Vegetaman
Mar 15 2007, 11:11 PM
I have a group of runners that are pretty high level, but I want them to feel like they're not so invincible... But I am unsure of what to throw at them. They're one Buffalo Totem Shaman, a troll heavy gunner, a dwarven demolitions expert, a human street samurai, a human polearm (scythe) user, and a guy who uses some strange martial arts. What's a good high-level thing I could throw them against... Another Shadowrunner team? A cyberzombie? Some Renraku Red Samurai? A Lone Star Police Squad? Help!
Wounded Ronin
Mar 16 2007, 12:13 AM
The simplest thing I can think that tends to get quite challenging is to send several (not one) powerful mages after them each of which has multiple elementals on call and who also for some reason have boosted initative. Seeing as they only have one Shaman it would probably hurt them a lot to be bombarded with the cheesiset spells, including Control Thoughts. Make the Polearm guy backstab the team's shaman, or something like that.
Platinum
Mar 16 2007, 01:38 AM
Hit them where it really will hurt .... brains, strategy and problem solving...
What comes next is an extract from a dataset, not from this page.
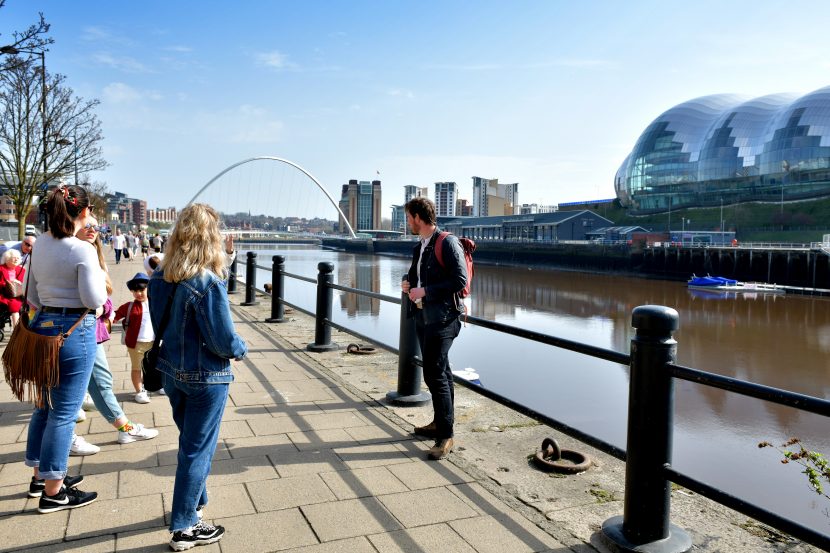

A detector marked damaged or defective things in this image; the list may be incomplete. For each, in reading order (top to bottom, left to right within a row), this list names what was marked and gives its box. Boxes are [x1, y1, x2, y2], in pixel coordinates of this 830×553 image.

Have an adult dragon (masked as a person), who needs an artifact that is buried within some ancient catacombs deep within the city of france. Within an old church catacombs fill with wards, critters and a group of noble knights that are guarding a chamber that has a ward and cryptic magic lock, which requires stealing an old tome from a museum, or bank or collector's vault. Once they get the book ... the mage has to decipher the riddles of the book and open the lock. Inside the vault is a nosferatu monk, who keeps the records ... and is sustained by willing donations from the knighthood. He has a memory crystal which contains the knowledge of how an adult dragon evolves into a Greater dragon.
insert competing teams, vampire slayers, and security at will.
Wounded Ronin
Mar 16 2007, 03:38 AM
QUOTE (Platinum) |
Hit them where it really will hurt .... brains, strategy and problem solving...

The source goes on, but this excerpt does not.